◆ **Dataset records**
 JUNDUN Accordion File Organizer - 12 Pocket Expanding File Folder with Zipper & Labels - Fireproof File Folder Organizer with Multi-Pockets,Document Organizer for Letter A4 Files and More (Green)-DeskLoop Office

==

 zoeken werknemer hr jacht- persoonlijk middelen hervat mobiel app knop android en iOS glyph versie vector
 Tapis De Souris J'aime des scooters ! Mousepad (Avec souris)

◆ **Aim of the exercise**
Copy out, exactly and alone, the lines of the entries above between the ones holding "zoeken werknemer hr" and "Tapis De Souris", inclusive.

◆ **Result of the task**
 zoeken werknemer hr jacht- persoonlijk middelen hervat mobiel app knop android en iOS glyph versie vector
 Tapis De Souris J'aime des scooters ! Mousepad (Avec souris)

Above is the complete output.